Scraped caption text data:
□ □ □ □ □ □ □

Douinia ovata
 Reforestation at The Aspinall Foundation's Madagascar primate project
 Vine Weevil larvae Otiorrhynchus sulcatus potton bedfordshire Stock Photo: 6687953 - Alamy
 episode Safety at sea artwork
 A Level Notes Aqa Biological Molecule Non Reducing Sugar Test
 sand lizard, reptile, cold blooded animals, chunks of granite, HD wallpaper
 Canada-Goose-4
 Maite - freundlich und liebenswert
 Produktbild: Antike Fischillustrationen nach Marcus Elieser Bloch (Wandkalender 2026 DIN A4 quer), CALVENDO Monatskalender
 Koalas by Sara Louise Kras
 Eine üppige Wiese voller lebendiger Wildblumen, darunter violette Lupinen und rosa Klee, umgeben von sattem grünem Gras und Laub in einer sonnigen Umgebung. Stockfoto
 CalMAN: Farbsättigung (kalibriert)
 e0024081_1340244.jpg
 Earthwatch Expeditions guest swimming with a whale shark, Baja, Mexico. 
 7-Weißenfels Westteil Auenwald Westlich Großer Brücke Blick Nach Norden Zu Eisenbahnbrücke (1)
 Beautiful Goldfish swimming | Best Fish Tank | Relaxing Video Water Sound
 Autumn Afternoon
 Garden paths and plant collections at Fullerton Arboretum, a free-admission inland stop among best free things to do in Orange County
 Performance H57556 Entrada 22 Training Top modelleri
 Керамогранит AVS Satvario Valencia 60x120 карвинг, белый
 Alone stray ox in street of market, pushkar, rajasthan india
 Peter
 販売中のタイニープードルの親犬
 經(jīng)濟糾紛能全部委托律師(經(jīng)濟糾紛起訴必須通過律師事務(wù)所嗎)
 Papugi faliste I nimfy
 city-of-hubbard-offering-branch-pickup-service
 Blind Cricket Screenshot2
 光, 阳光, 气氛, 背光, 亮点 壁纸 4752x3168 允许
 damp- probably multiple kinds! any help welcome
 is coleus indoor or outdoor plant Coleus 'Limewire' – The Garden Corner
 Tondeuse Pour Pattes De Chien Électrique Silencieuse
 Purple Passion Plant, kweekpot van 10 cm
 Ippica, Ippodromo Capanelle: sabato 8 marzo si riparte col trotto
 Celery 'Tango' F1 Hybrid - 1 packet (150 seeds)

□ □ □ □ □ □ □

Task goal →
Each line of the records above that holds the word "swimming" should be counted, and only the final number stated.

Exercise solution →
2